The European Data Protection Board’s recent opinion on AI models can be useful in several ways.
Last week, I covered EDPB’s take on what the consequences could be for the unlawful processing of personal data in the development phase of an AI model.
This week, I analyze a simple question: How legitimate is your interest?
Legitimate:
- Development of AI model, can be legitimate. (e.g conversational agent to assist users; detect fraudulent content or behavior; improving threat detection.
- Make sure your interest is: lawful; clearly & precisely articulated; real & present (i.e. not speculative).
Necessity:
- Depends on amount of data & whether proportionate to pursue the interest, in light of data minimization. (Can you develop without personal data? Use less data?)
- Less intrusive means possibility depends on direct relationship with data subjects.
- Measures to reduce ease of identification (even if not fully anonymized).
Balancing:
- Conduct test & consider publishing analysis.
Consider interests
- Development: Self-determination & retaining control over one’s own personal data.
- Deployment: Retaining control over one’s own personal data, financial interests; personal benefits or socioeconomic interests.

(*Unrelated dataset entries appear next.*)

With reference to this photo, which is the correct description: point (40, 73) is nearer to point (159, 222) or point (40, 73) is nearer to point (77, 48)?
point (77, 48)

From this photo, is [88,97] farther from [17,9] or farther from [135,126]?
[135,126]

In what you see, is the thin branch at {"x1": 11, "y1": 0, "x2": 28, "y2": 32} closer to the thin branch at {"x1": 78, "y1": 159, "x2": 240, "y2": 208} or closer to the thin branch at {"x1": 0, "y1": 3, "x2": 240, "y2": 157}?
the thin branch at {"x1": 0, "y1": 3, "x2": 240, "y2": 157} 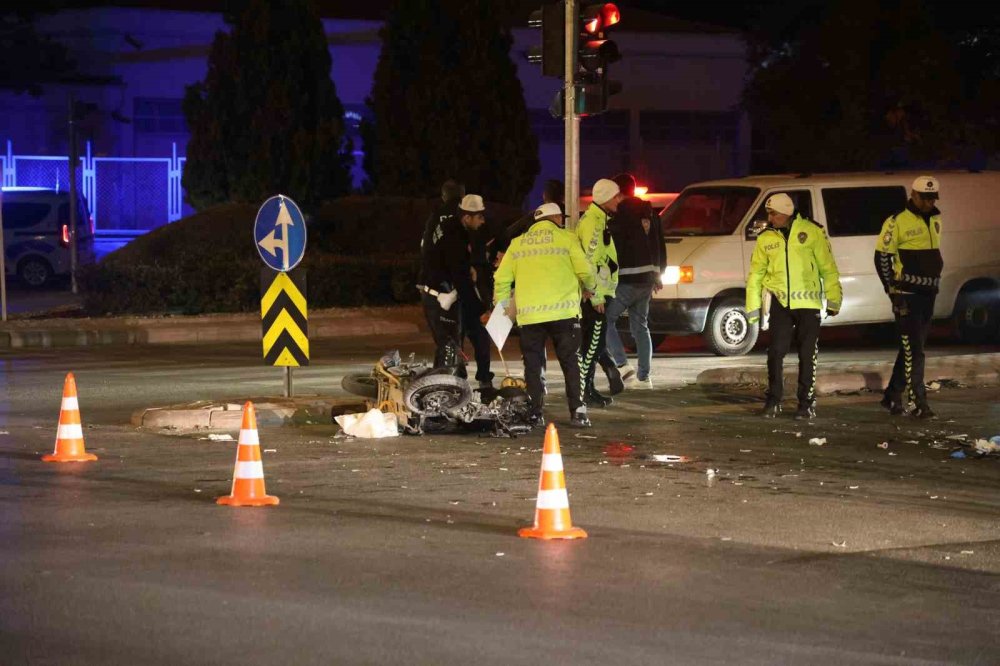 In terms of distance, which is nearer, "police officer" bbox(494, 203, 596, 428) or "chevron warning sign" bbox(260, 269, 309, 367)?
"police officer" bbox(494, 203, 596, 428)

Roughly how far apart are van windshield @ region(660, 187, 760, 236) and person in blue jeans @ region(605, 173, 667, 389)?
294 centimetres

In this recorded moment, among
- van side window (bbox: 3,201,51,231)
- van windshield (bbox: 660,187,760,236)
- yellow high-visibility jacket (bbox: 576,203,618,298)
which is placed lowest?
yellow high-visibility jacket (bbox: 576,203,618,298)

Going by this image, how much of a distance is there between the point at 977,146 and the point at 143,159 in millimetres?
17044

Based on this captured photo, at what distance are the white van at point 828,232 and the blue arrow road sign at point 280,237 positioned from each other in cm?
515

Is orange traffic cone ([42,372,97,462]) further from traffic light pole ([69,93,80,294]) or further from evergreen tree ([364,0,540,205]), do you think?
evergreen tree ([364,0,540,205])

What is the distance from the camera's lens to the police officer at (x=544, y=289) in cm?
1238

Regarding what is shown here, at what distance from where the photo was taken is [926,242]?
43.6ft

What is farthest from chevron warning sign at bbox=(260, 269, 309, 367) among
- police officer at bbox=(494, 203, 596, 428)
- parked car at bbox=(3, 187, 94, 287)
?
parked car at bbox=(3, 187, 94, 287)

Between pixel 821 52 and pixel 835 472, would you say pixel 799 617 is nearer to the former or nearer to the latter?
pixel 835 472

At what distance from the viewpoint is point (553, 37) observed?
15609 millimetres

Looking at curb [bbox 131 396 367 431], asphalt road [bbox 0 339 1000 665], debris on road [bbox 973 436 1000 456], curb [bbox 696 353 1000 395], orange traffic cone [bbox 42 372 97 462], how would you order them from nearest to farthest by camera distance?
asphalt road [bbox 0 339 1000 665], orange traffic cone [bbox 42 372 97 462], debris on road [bbox 973 436 1000 456], curb [bbox 131 396 367 431], curb [bbox 696 353 1000 395]

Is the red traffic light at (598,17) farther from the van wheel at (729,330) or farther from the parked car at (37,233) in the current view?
the parked car at (37,233)

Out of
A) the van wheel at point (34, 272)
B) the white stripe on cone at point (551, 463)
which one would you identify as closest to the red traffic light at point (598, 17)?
the white stripe on cone at point (551, 463)

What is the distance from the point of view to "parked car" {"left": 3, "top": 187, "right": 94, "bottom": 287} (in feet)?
101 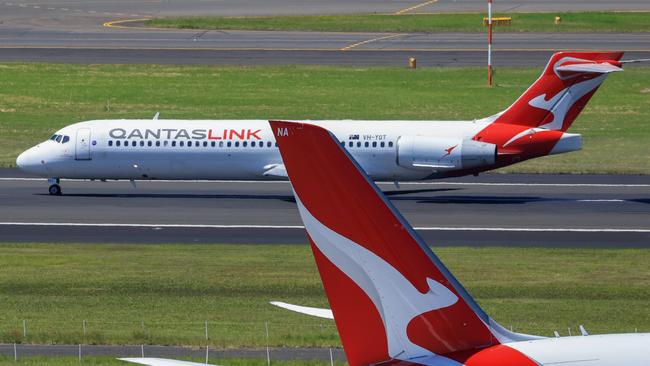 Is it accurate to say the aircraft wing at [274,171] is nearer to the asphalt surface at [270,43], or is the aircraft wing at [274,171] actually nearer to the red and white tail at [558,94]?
the red and white tail at [558,94]

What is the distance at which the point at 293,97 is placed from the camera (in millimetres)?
83688

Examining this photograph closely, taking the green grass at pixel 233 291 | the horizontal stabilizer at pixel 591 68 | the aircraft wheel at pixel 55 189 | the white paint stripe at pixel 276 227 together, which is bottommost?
the green grass at pixel 233 291

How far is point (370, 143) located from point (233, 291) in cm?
1699

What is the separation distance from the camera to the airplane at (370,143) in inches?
2080

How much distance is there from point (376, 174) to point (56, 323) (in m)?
22.8

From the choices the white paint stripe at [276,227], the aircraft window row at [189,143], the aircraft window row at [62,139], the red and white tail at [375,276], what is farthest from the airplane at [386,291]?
the aircraft window row at [62,139]

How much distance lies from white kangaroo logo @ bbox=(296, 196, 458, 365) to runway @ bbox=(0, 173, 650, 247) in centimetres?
3102

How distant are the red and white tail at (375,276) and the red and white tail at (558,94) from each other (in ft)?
126

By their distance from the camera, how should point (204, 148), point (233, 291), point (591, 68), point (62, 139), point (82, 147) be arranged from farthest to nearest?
1. point (62, 139)
2. point (82, 147)
3. point (204, 148)
4. point (591, 68)
5. point (233, 291)

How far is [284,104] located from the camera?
81500mm

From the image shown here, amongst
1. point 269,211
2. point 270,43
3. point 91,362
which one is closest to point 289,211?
point 269,211

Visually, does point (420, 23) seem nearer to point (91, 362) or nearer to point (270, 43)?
point (270, 43)

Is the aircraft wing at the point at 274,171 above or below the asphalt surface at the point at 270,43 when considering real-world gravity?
below

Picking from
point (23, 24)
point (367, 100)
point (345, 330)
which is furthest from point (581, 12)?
point (345, 330)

Consider rights to privacy and family; freedom of expression; discrimination
- Development: Scraped against wishes or without knowledge.
- Deployment: Check if possible to infer, accidentally or by attacks what personal data is contained in the learning database.
Assess: [For both the training data and the deployment data]
- Nature of the data processed – e.g. highly private.
- Context of processing (intended operational uses; whether combined with other datasets; overall volume of data/individuals affects etc.).
- Further consequences of processing (risks of violation of fundamental rights) and likelihood of further consequences materializing.
- Reasonable expectations of individuals.
Development:
- Just because information relating to the development phase is included in the controller’s privacy policy, does not necessarily mean it’s reasonably expected.
- Consider: Was data publicly available, nature of relationship with controller, nature of service, context & source, potential further uses of model, are people aware that their data is online.
Deployment:
- Consider relationship with controller; context of model’s specific capabilities: awareness of individuals, impact only users or used to improve whole service.
Mitigating Measures: (on top of normal GDPR compliance)
Development:
- Technical measures to reduce identifiability.
- Measures to facilitate exercise of rights (grace period before use; opt-out; right to delete.
- Transparency: beyond information required; alternative forms (media; email; graphics).
- Web scraping: (exclude content/ categories/ robots.txt).
Deployment:
- Technical: prevent storage, output filters, digital watermarking.
- Individual right: Erasure, suppression.
- Web scraping: Careful as it may lead to significant impacts on individuals.